SOURCE MATERIAL:
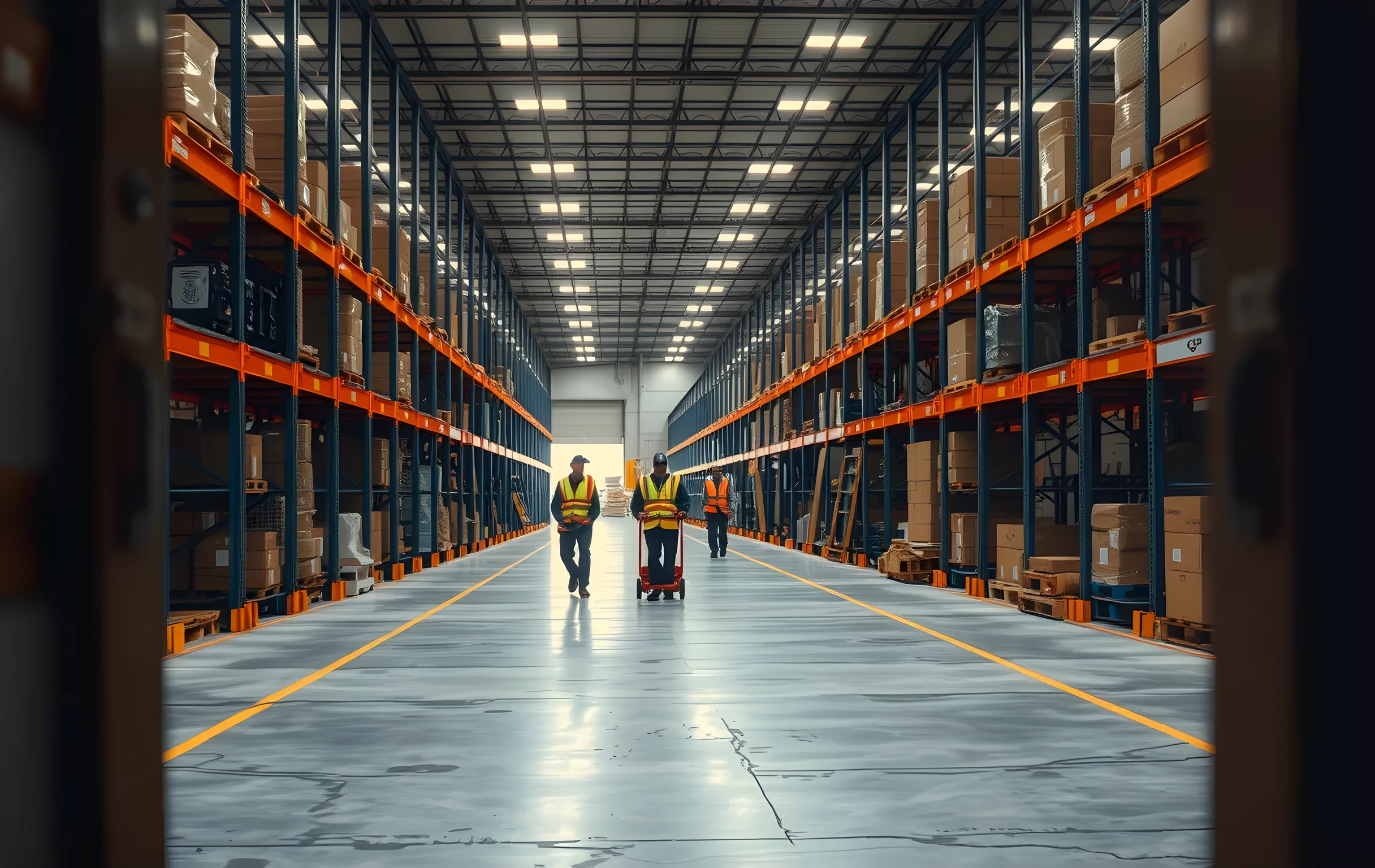 A wide-angle view from an elevated mezzanine catwalk looking down a long warehouse sorting floor. Rows of tall metal pallet racks recede into the distance under rows of industrial fluorescent panels. In the middle distance, three small figures in hi-vis vests push a hand truck and walk between aisles of stacked brown cardboard totes on rolling carts. The concrete floor is scuffed with tire marks. Warm amber work lights glow at the far end near an open loading dock door where daylight spills in. No text, no signage, no screens visible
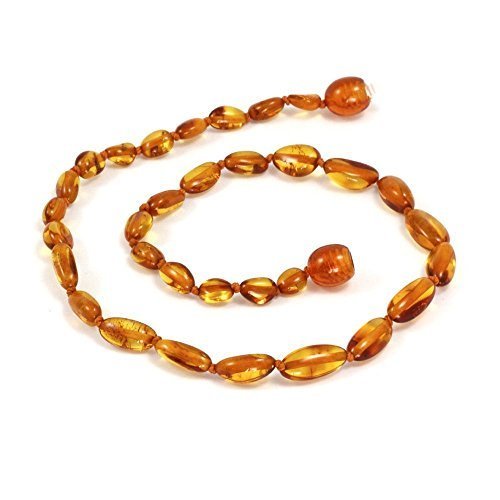 Momma Goose Amber Teething Necklace, Olive Cognac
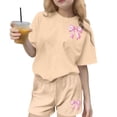 thumbnail image 1 of Auroural toddler girl clothes 5t sets Children's Summer Leisure Round Neck Short Sleeves Top And Shorts Two-piece Set For Kids, 1 of 6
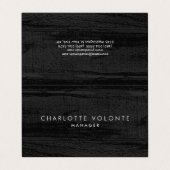 Carte De Visite Élégant élégant en bois gris foncé Art professionn (Extérieur déplié)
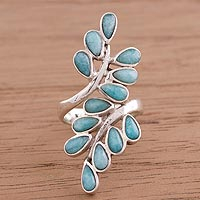 Amazonite cocktail ring, 'Sprigs of Bliss' - Amazonite and Sterling Silver Cocktail Ring with Leaf Motif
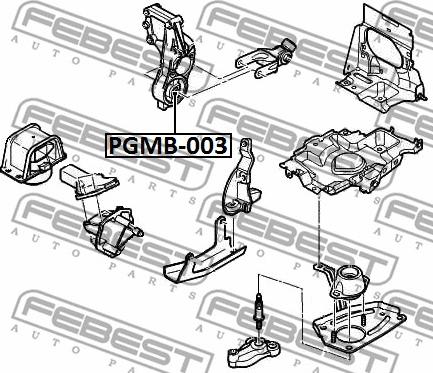 Febest PGMB-003 - Сайлентблок подушки двигателя Citroen C4 04-11 Пр. autocars.com.ua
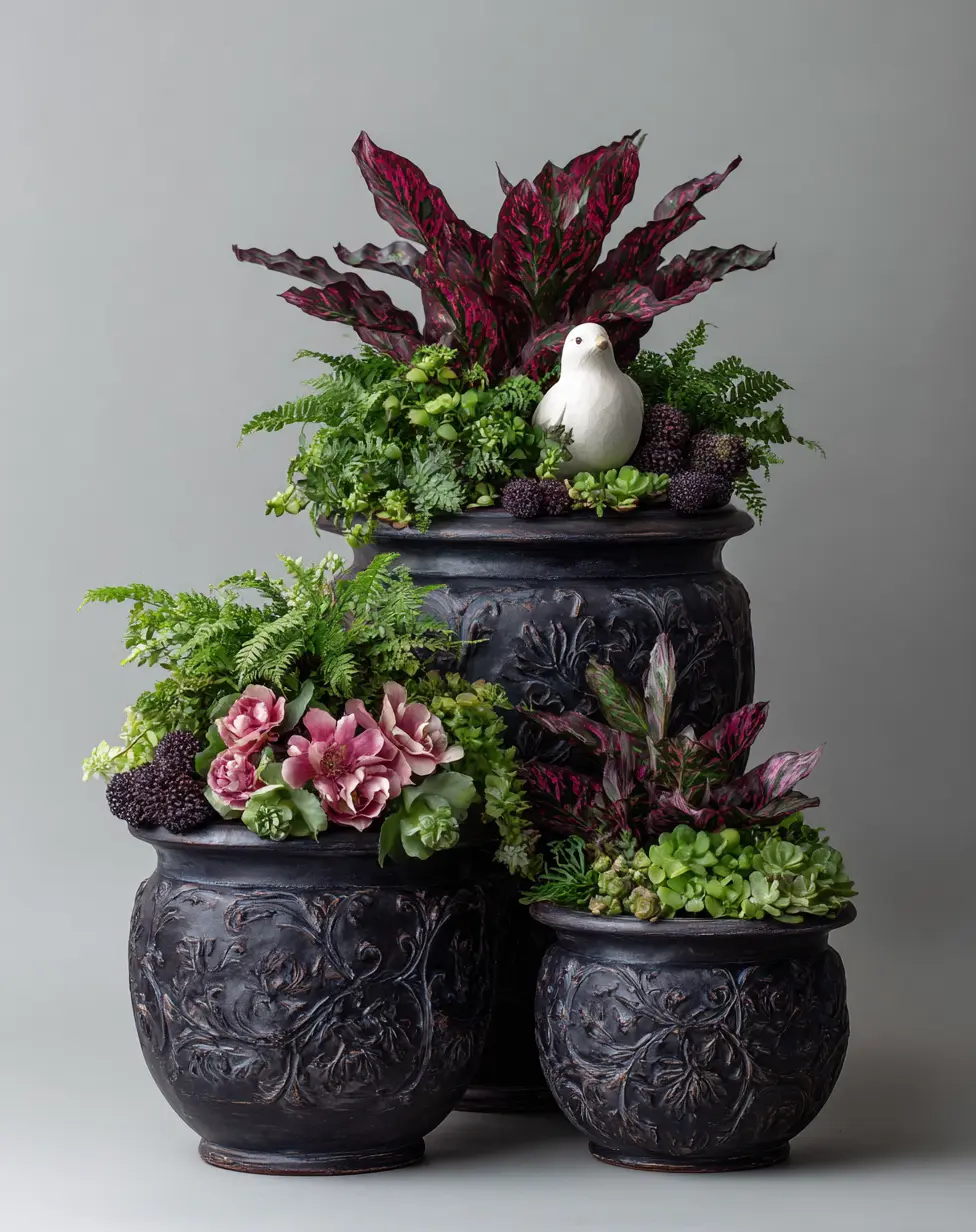 Edgy Elegance: Design a Coleus Container with Black and White Accents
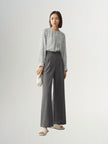 Women's Grey Round Neck Long Sleeves Blouse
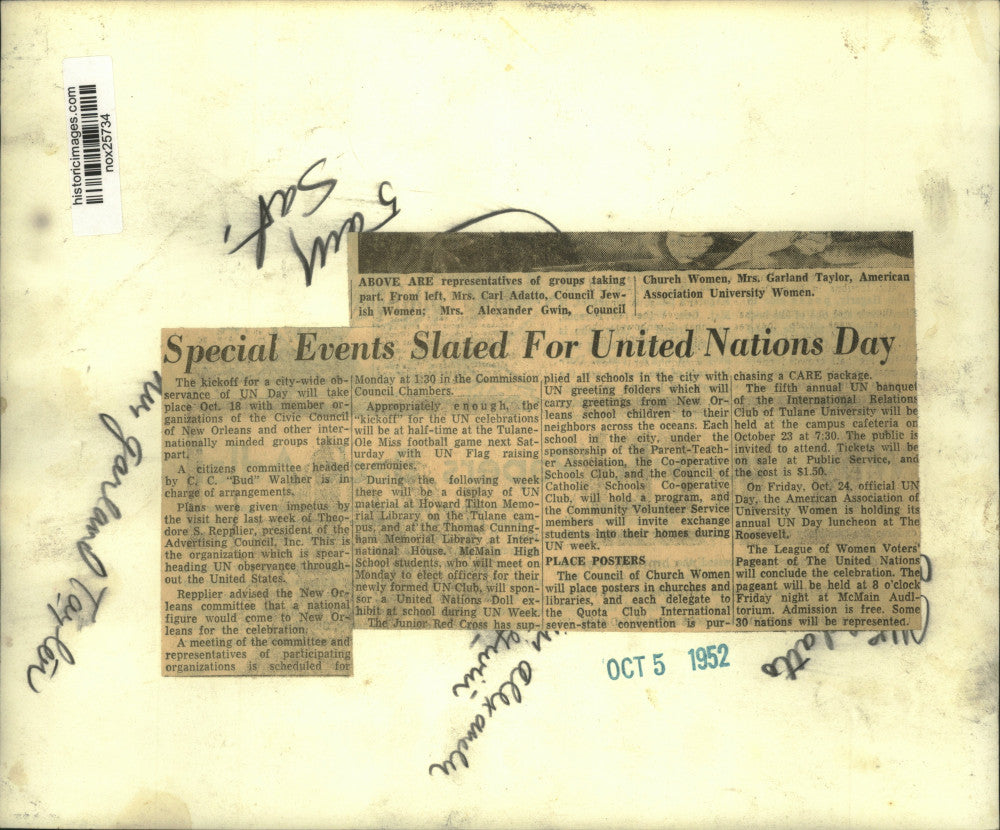1952 Press Photo Representatives of Groups Involved in UN Day, New Orleans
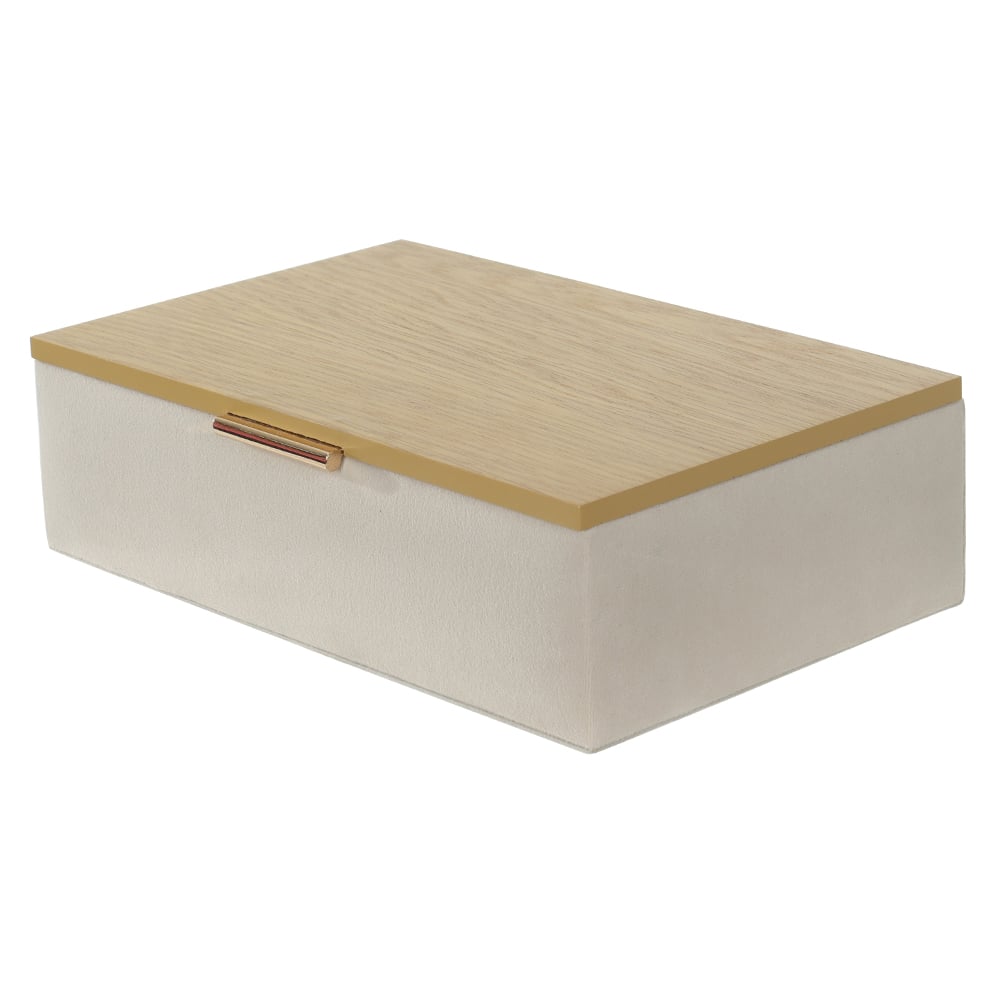 CAIXA DECORATIVA MDF TAMPO MADEIRA (FENDI) 6,7X23X15,6cm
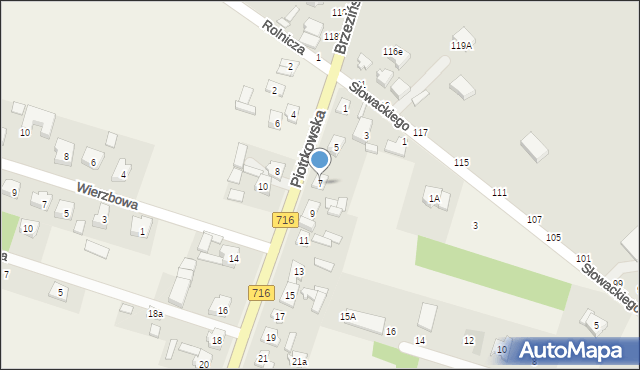 Żakowice, Piotrkowska, 7, mapa Żakowice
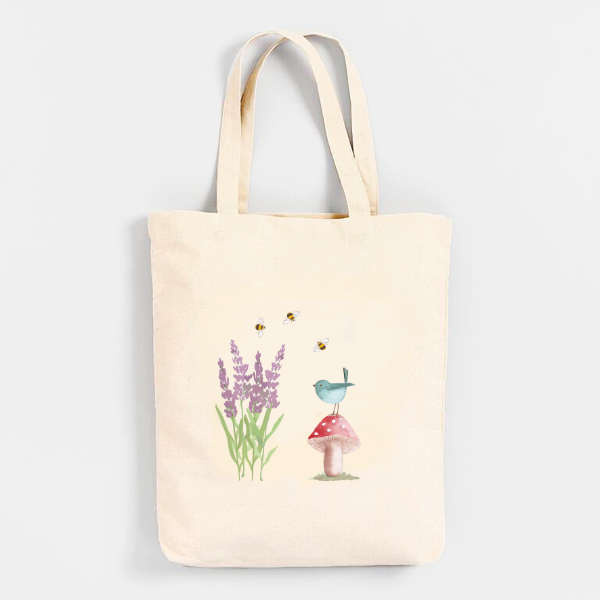 Producto - Tote bag Lavandas Con pajarito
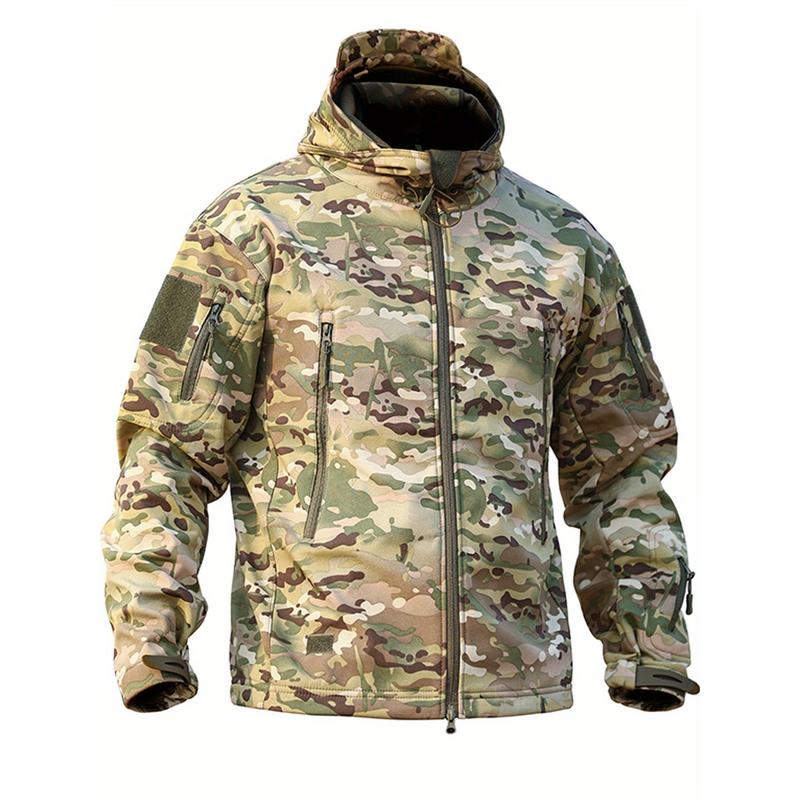 Men's Camo Sharkskin Jacket & Fleece-Lined Pants Set - Windproof, Waterproof, Warm Hooded Outfit for Hiking, Hunting & Outdoor Adventures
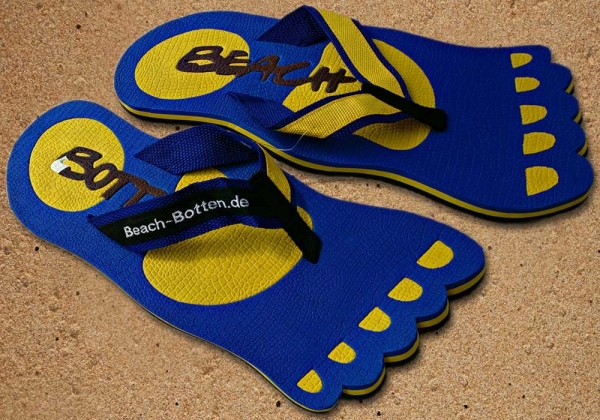 Zehentrenner, Badelatschen, blau, gelb, Modell Foot Party Big, BeachBotten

DESCRIPTION OF THE TASK: Within the listing above, find the line containing "Momma Goose Amber" and the line containing "thumbnail image 1". Transcribe them and everything between them exactly, leaving out the pictures.

PROBLEM SOLUTION:
 Momma Goose Amber Teething Necklace, Olive Cognac
 thumbnail image 1 of Auroural toddler girl clothes 5t sets Children's Summer Leisure Round Neck Short Sleeves Top And Shorts Two-piece Set For Kids, 1 of 6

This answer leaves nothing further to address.